Why I Built a Readability Analyzer That Sends Your Text Nowhere

#webdev #javascript #privacy #showdev

Why I Built a Readability Analyzer That Sends Your Text Nowhere

Most productivity tools that analyze your writing send your text to a server. That's true of Grammarly. It's true of most AI writing assistants. And it's worth thinking about, because writers paste a lot of sensitive material into these tools — drafts of internal reports, client work, things under NDA, early chapters of books they haven't published yet.

ProseScore doesn't send your text anywhere. Here's why that was a deliberate choice, and what it took to make it work.

The problem with sending your text to a server

When you paste something into a web-based writing tool, you're implicitly trusting that tool with whatever you wrote. That might be fine for a recipe. It's different for a confidential internal memo, a legal brief draft, or a chapter from a novel you've been working on for two years.

The data minimization argument is simple: if you don't need a server, don't have one. A server is a liability — it's a place where data can be retained, subpoenaed, breached, or sold. Readability analysis doesn't require a server. It requires math. So I didn't build one.

What ProseScore actually does

The entire analysis runs in the browser. All of it — the 8 readability formulas, AFINN-based sentiment scoring, TF-IDF keyword extraction — executes synchronously in a Web Worker. The UI stays responsive even on long documents because the analysis runs off the main thread.

The code path looks roughly like this:

// Everything runs here, client-side
const result = analyzeText(inputText);
// No network call. No tracking. Just math.

There are no fetch() calls anywhere in the analysis path. The only network request the page makes is the initial page load. After that, you can take your browser offline and it keeps working — because it's not waiting for anything.

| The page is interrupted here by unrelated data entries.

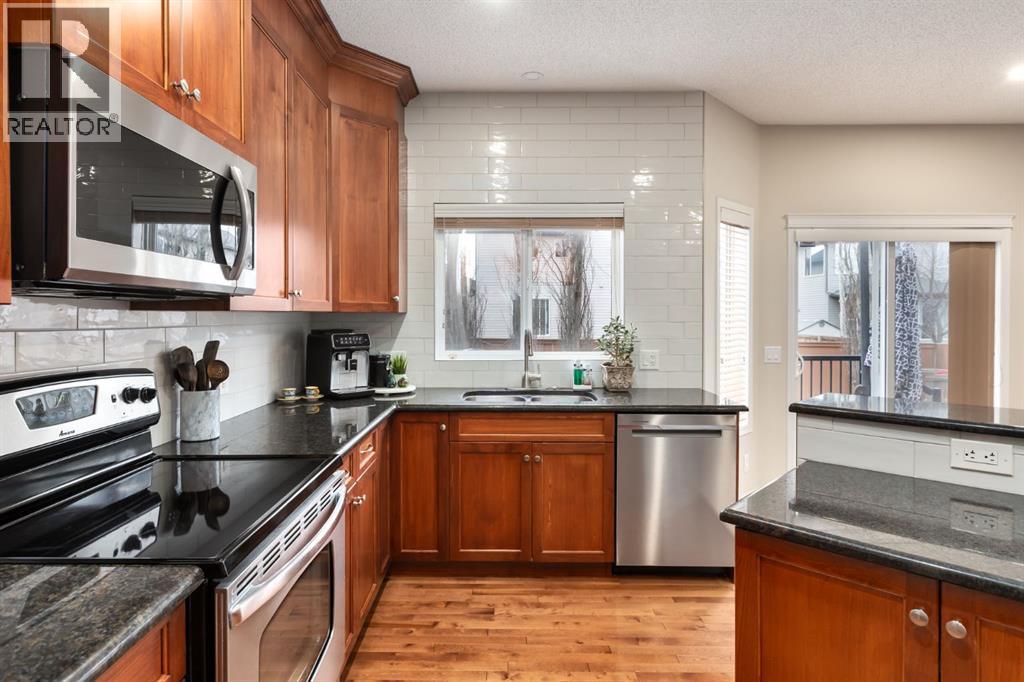 Stainless steel appliances - 128 Seagreen Manor, Chestermere, AB - Indoor Photo Showing Kitchen With Double Sink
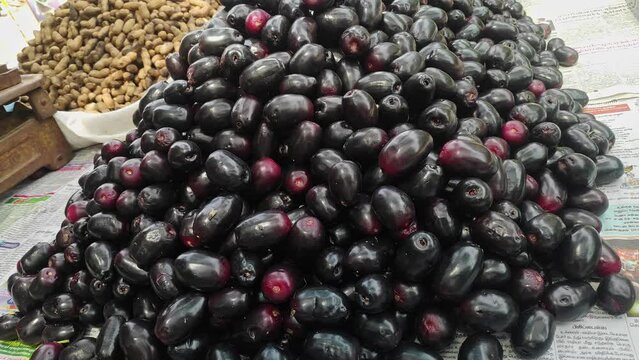 A pile of popular Indian Java plum fruits kept on a pushcart for sale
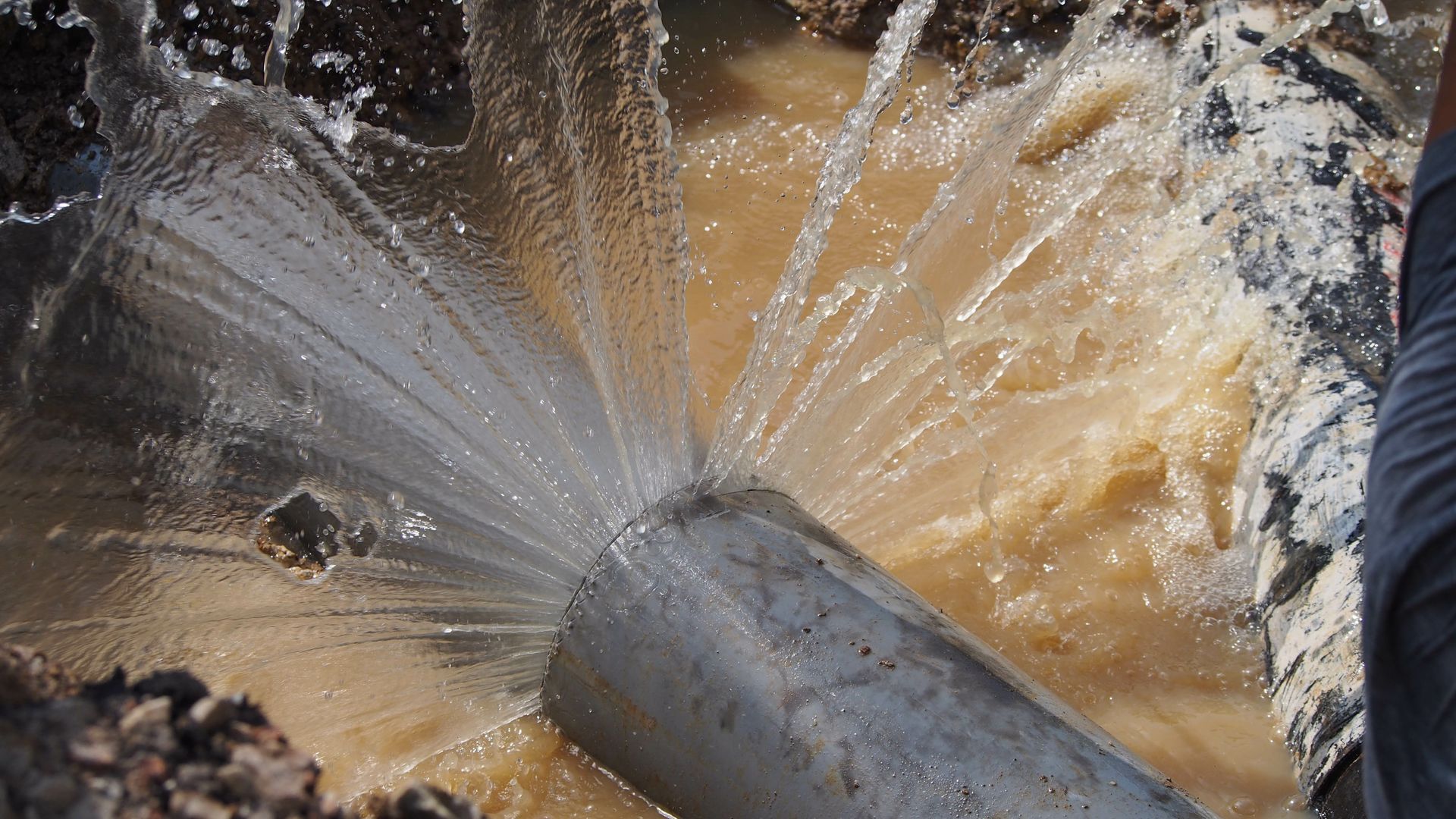 water is coming out of a hole in a pipe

The Web Worker approach was worth the extra complexity. Without it, analyzing a 5,000-word document would lock the UI for a noticeable fraction of a second. With it, the interface stays interactive while the analysis runs in the background.

Why 8 readability formulas work offline

Not all NLP tasks are created equal. Sentiment analysis at scale usually means embeddings, which means models, which means GPU time on a server somewhere. That's a legitimate reason to send text to a server.

Readability scoring is different. Flesch-Kincaid, Gunning Fog, SMOG, Coleman-Liau, ARI, Dale-Chall, Linsear Write — these are pure algorithmic formulas. They operate on word counts, sentence lengths, and syllable counts. No ML models. No embeddings. No hardware requirements beyond whatever CPU is in the person's laptop.

The irony is that readability scoring is one of the few NLP tasks that was basically designed for offline computation. These formulas were developed in an era before networked computers. They're deterministic. Given the same input, every browser produces the same score.

ProseScore computes all 8 formulas and derives a consensus grade level from the results. Running eight formulas instead of one doesn't meaningfully change the performance profile — they're all operating on the same precomputed word/sentence/syllable counts.

What surprised me

Two things caught me off guard during the build.

The first was syllable counting. It sounds trivial. It isn't. English doesn't have a clean algorithmic rule for syllables — the exceptions are numerous, and naive implementations that count vowel runs get wrong answers constantly. I ended up with a heuristic that handles common patterns and exceptions, and it's good enough for readability scoring, but it's not perfect. Don't use it to settle poetry arguments.

The second was deriving the consensus grade level. Each of the 8 formulas uses a different scale. Flesch-Kincaid outputs a US grade level. Flesch Reading Ease runs 0-100 in the opposite direction (higher = easier). SMOG and Gunning Fog have their own calibrations. To combine them into a single consensus grade, I had to understand what each formula was actually measuring, not just run the equations. That took longer than the implementation itself.

The catch

No server means no persistence. There's no history. No way to compare your score on this draft against the version you edited last Tuesday. No sharing. No team dashboards. If you close the tab, the analysis is gone.

For personal writing and private documents, that's fine — it's actually the point. For teams that want to track readability trends across a documentation repo over time, ProseScore isn't the right tool. That use case requires a server. I'm not pretending otherwise.

The trade-off is intentional: ProseScore does one thing — analyze text you paste into it, right now, without that text leaving your browser. It doesn't try to be everything.

The tool is at prosescore.ckmtools.dev — open source, MIT license. If you're curious about the implementation, the full source is at github.com/ckmtools/prosescore.